• [WHAT THIS TASK INVOLVES]: From the entries provided below, copy each line that contains the word "Toyota".
====== INFORMATION PROVIDED ======
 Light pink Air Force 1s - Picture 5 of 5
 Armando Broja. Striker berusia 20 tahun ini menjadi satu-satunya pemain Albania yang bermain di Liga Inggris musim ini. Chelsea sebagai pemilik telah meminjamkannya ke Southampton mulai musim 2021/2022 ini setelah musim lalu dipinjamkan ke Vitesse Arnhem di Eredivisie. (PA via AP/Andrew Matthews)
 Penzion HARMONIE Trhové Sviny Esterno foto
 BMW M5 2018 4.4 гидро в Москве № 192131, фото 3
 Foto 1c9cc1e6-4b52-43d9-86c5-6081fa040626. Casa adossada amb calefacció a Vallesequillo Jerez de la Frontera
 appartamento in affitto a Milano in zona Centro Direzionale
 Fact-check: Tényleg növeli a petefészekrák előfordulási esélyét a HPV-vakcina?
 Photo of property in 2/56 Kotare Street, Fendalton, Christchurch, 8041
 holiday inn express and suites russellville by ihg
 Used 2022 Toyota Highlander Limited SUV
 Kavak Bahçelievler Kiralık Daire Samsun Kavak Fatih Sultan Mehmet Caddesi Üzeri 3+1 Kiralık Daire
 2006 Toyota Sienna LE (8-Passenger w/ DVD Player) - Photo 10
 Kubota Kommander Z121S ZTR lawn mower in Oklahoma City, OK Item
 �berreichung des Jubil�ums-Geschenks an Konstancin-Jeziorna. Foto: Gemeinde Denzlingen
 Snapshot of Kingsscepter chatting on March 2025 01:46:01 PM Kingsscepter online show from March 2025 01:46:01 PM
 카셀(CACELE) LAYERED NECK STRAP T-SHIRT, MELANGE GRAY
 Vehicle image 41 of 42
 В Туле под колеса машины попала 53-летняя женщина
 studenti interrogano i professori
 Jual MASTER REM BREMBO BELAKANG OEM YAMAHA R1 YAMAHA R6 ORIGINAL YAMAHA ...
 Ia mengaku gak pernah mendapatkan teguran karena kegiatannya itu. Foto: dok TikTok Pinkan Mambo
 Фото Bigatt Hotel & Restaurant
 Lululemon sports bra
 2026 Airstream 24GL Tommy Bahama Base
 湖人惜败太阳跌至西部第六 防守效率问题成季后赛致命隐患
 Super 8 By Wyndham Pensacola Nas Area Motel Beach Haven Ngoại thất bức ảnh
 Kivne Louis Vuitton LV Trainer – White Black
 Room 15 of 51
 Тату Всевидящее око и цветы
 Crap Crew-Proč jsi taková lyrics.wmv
======
• [RESPONSE FOR THIS EXERCISE]:
 Used 2022 Toyota Highlander Limited SUV
 2006 Toyota Sienna LE (8-Passenger w/ DVD Player) - Photo 10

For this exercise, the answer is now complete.